When our patients have standing PRN orders for Tylenol or Ibuprofen for a fever, it's usually for 'Fever > 38.5 C' ...101.3F. If they have one of those orders, I'll usually give the med, especially if their HR is high. We're supposed to notify the team for any pt with SIRS criteria (T> 38.2, HR > 90, RR> 20 or WBCs 12) so if they want cultures they can order them and theoretically we could draw them while the fever is at its peak before treating it.

My unit sees burn patients, and they often have temperatures and high HR from catecholamine release, damaged skin, and pain. For the first few days we tend to shrug off a high temp (if there are no other concerning signs) and just treat the fever for the patient's comfort and to preserve their nutrition status. After a few days if they are still doing it, we'll get cultures.

We also see a lot of surgical patients (Whipples, liver resections, exlaps with bowel resections, some orthopedic patients, some ENT patients). For these, it really depends on which doctor is treating the patient. Some are against treating anything below 39C (103.9ishF). These patients often have contraindications to NSAIDS and/or Tylenol anyway. I'll still notify the team, but we might do nothing other than turn the room temp down or put a fan on the patient.

Non-medication ways to control temperature that we've used include cooling blankets, ice packs, cold water lavage of the stomach, and therapeutic hypothermia (like you would do for a cardiac patient).

Specializes in Cardiac/Transplant ICU, Critical Care.

101.5 is when we draw cultures unless they are post op day 0. If you have exhausted your pharmacological options you can bathe them with cold water, ice packs, cool the room down, take all of their sheets off, cold towel to the head, if that doesn't work a cooling blanket does the trick.

One time I had a patient who was on the floor who earlier that day had an IR procedure and transferred down to us with a 104.3 fever at around 03:20, was delirious, straight up looked like he was seizing with how bad his rigors were and on the verge of coding. They had to have stirred up something fierce in IR maybe a loculated pocket of some nasty bacteria. The funny thing was his BP was rock stable and was only on 2lnc but things looked like they were going to get bad i.e. code, intubate, line.

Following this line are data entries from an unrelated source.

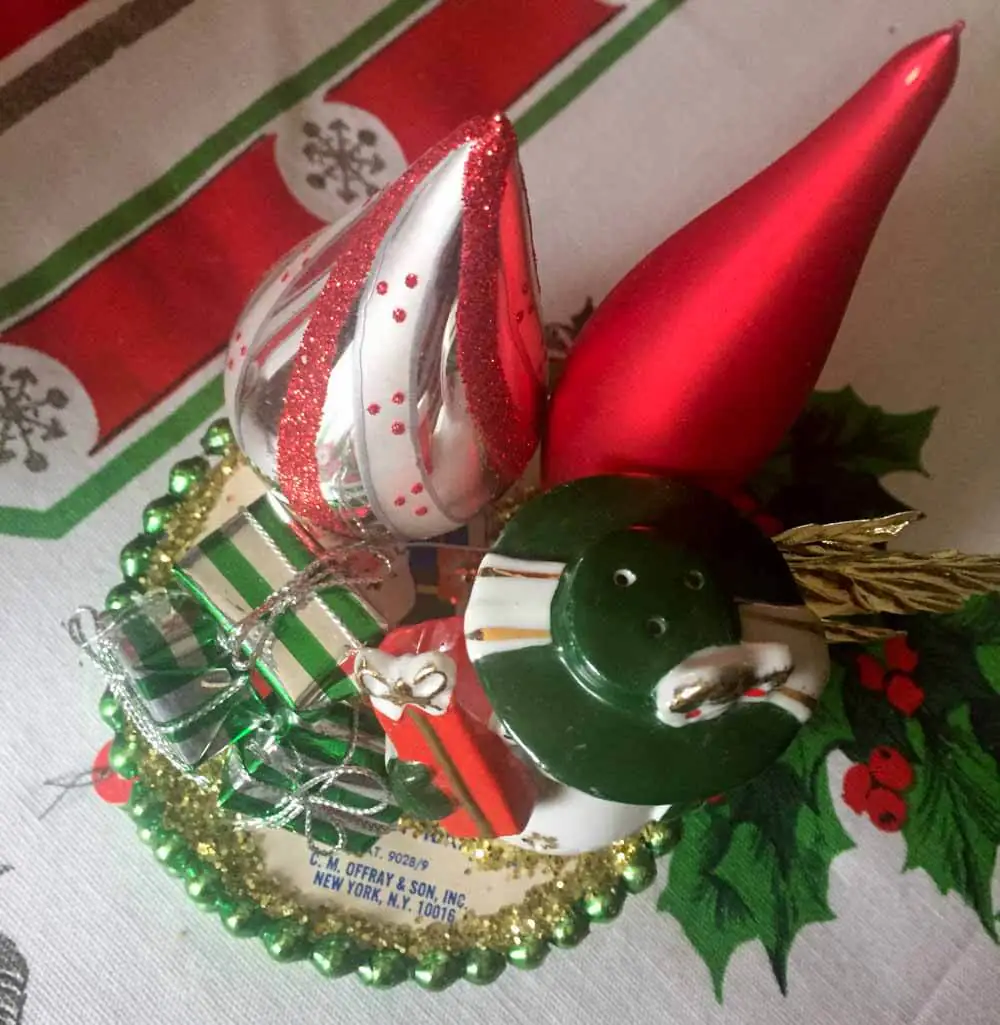craft using vintage christmas ornments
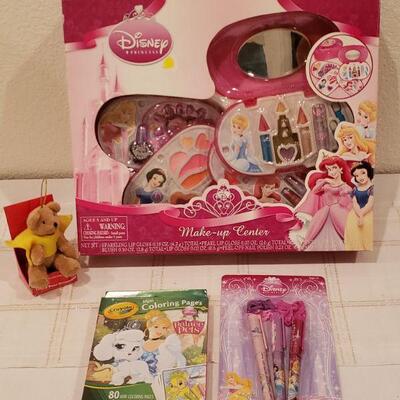 Lot 940: NEW Disney Princess Make-Up Center, Activity Set, Pens and Ornament 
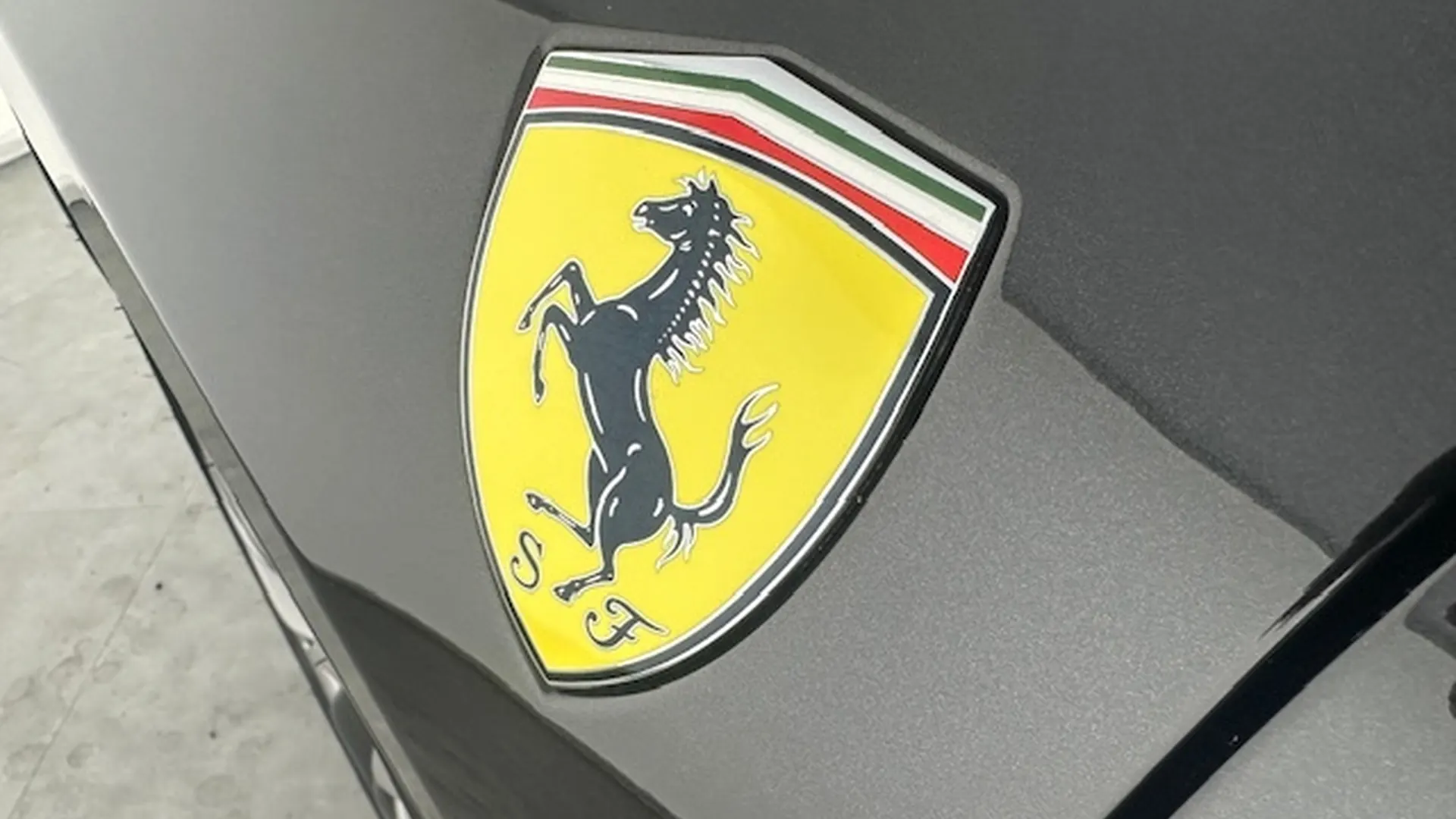 Ferrari 488 — photo 13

I took all of the information, looked at the this guy who looked like he was seizing and I am embarrassed to admit that I literally thought to myself "YOLO, ice bath time!" :yeah: I had never even heard of it being done to a patient before and have only personally had the pleasure of an ice bath in my Brazilian Jiu-Jitsu/Wrestling/MMA days. I took a bucket, filled it with ice and water, threw towels in, and then proceeded to cover him head to toe with them. Basically I gave him an Ice Bucket challenge, years before that was a thing :roflmao:, and much to his dismay :sour:. He was PISSED and still delirious, but I was able to talk him through it.

Although some may consider the ice bath an archaic strategy, it was a highly effective one. By 0700 I had him up in the chair, temp 97.6, completely lucid, on room air, and talking like nothing happened. My philosophy is that I will do whatever I need to do to speed up a patient's convalescence in an aggressive but controlled manner and achieving this with interventions that have the least amount of risk and a much higher reward ;).